The causes of unintentional injury are beyond the scope of any one agency, because they are part of the broader range of determinants of the health of communities and populations that requires a public health approach.
Intersectoral action including building constructive relationships with groups across all affected sectors, in an effort to influence these broader determinants, is absolutely vital. I am pleased to see this reflected in some of the papers that will be presented at this conference.
Creating a Culture of Safety
Lastly, I want to turn to the third and perhaps most important part of the vision for preventing injury - creating a culture of safety.
We now expect a level of cultural competence in the services being delivered.
A “culture of safety’ must evolve and it too must become an integral part of the training, practice and promotion across all sectors to better serve the injured family members and their families, but also those agencies and groups involved in the response and those impacted on through it.
I will also continue to advocate for the health system to give greater recognition to the skills and knowledge of iwi and non-traditional provider groups as one of the most important ways of redressing this imbalance.
I am heartened by the work of your Network’s Maori and New Zealand Caucus structure. This structure recognises Maori as partners and the special perspective, expertise and knowledge that Maori bring to injury prevention.

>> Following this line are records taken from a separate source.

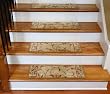 Premium Carpet Stair Treads - Summer Tan 13-Pack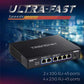 TRENDnet 6-Port 10G Switch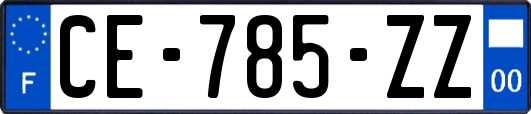 CE-785-ZZ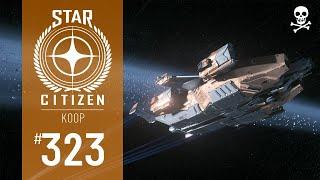 STAR CITIZEN #323 | KOOP | ZWEI OUTLAWS LEGEN LOS | Deutsch/German | 3.22.1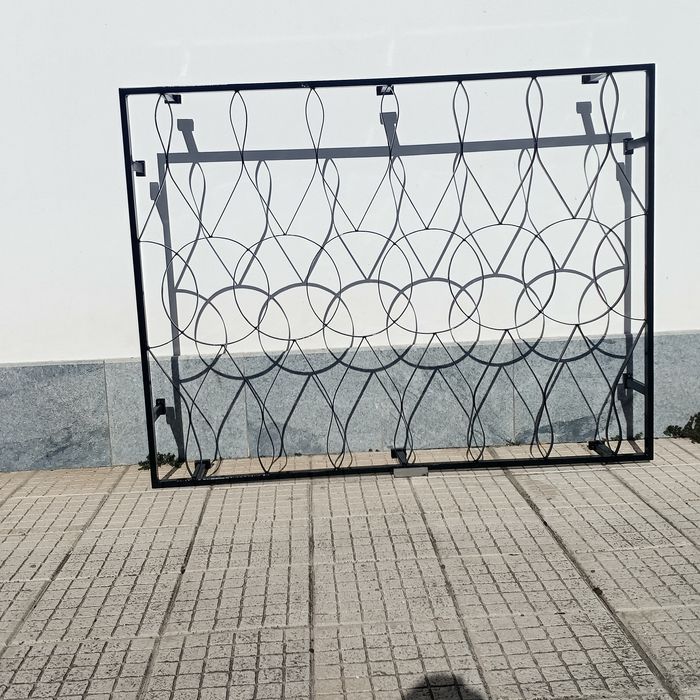 Grades de Proteção para Janelas.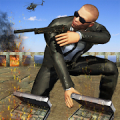 Secret Mafia Criminal Escape Mod APK icon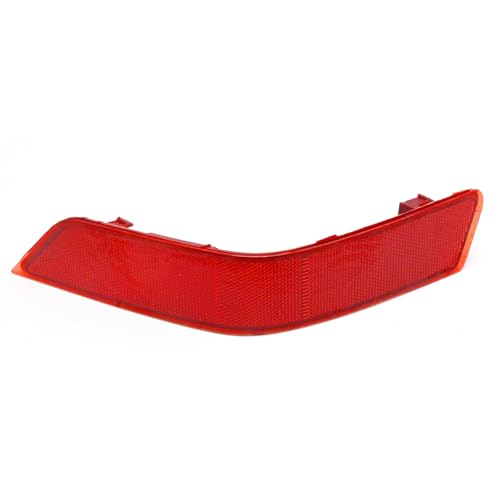 Image of Saihisday 265656FV0B Bumper Reflector, Rear Bumper Reflector Replacement for Nissan Rogue 2016-2020, Rear Left Light Reflector Cover Bumper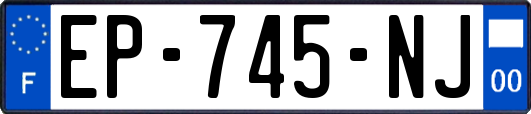 EP-745-NJ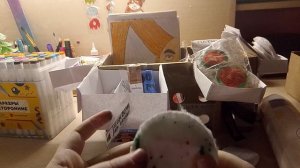 туториал по бомбочке для ванны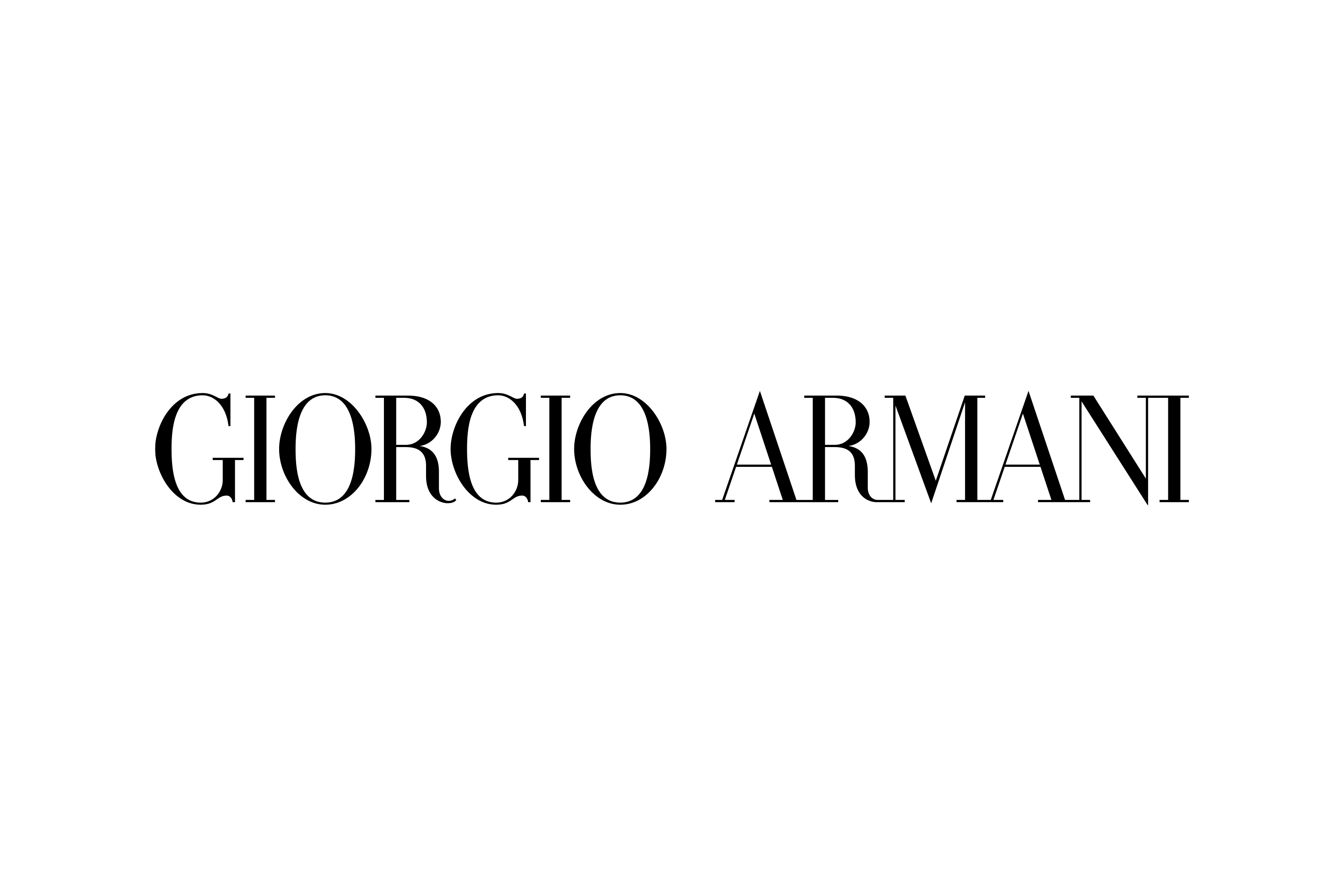 Armani Logo PNG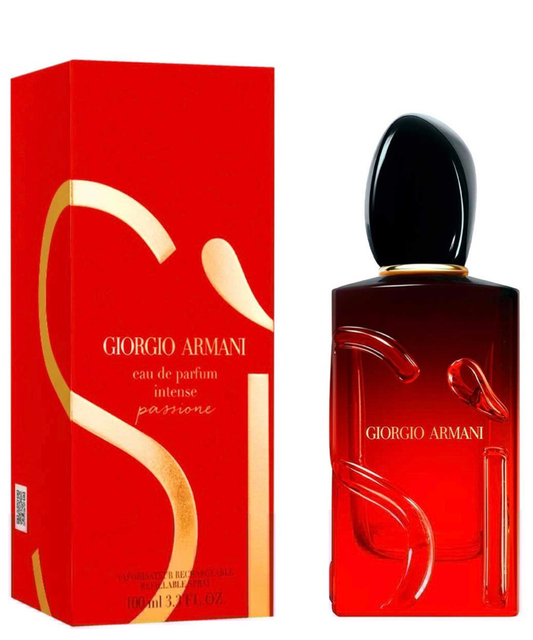 Giorgio Armani 'Sì Passione Intense' Eau de Parfum 100 mL | Perfume para Dama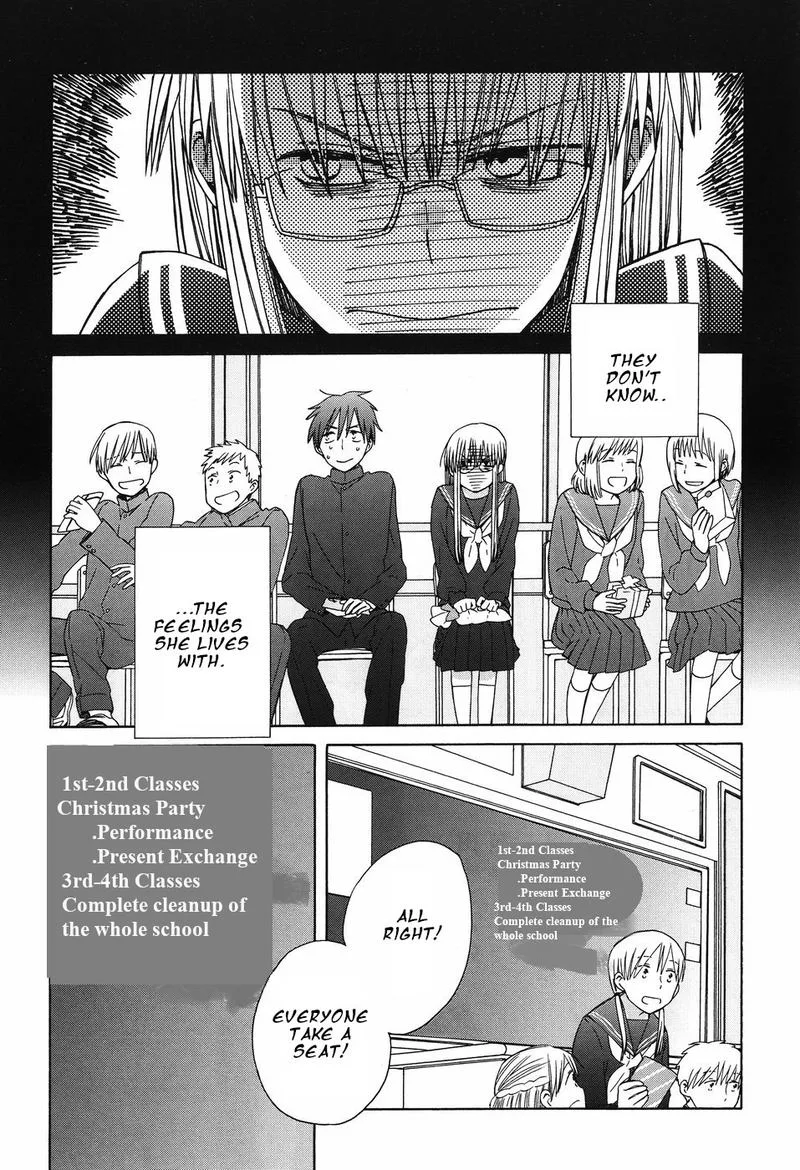 14-sai no Koi Chapter 38 page 3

I must also acknowledge the good work of the Injury Prevention Workstream of the Public Health Directorate of the Ministry of Health and its development of a Maori Injury Prevention Action Plan for Public Health Purchasing.
This plan is to be developed over the next six months and will involve consultation with a range of iwi and Maori injury prevention providers and managers from the ACC, LTSA, New Zealand Fire Service and the Ministry of Health.
Other recent developments include injury prevention workforce workshops. Workshops have been run with a strong focus on Maori Injury Prevention Strategies. As you know your Network also organised a successful hui in Palmerston North that attracted a large number of Kaimahi Maori.
Existing community projects with a strong whanau, hapu and iwi development focus are also going from strength to strength.
The very recent establishment of a Maori Community Injury Prevention Project in Tuhoe’s rohe through Te Kaokao o Takapau also holds great promise.
The appointment of Iwi Liaison Officers by the New Zealand Fire Service has also been extremely successful as well as the appointment of Kai Tohutohu Maori in the Eastern Bay of Plenty and the Waikato.
New Zealand will be the first country to have a national health policy that integrates intervention for both mothers and children. Traditionally, these related problems have been dealt with as separate issues.
Once again, thank you for giving me the opportunity to speak with you today. You can look back on your Network’s first year of existence with pride and look to the future of injury prevention with confidence and hope. A lot has been achieved in a short time and there is every reason to look forward to continuing progress based on collaboration, cooperation and creating a safety culture. I hope you make good contacts, pick up new and interesting ideas, and have some fun while you are here.
Tena koutou, tena koutou, tena koutou katoa.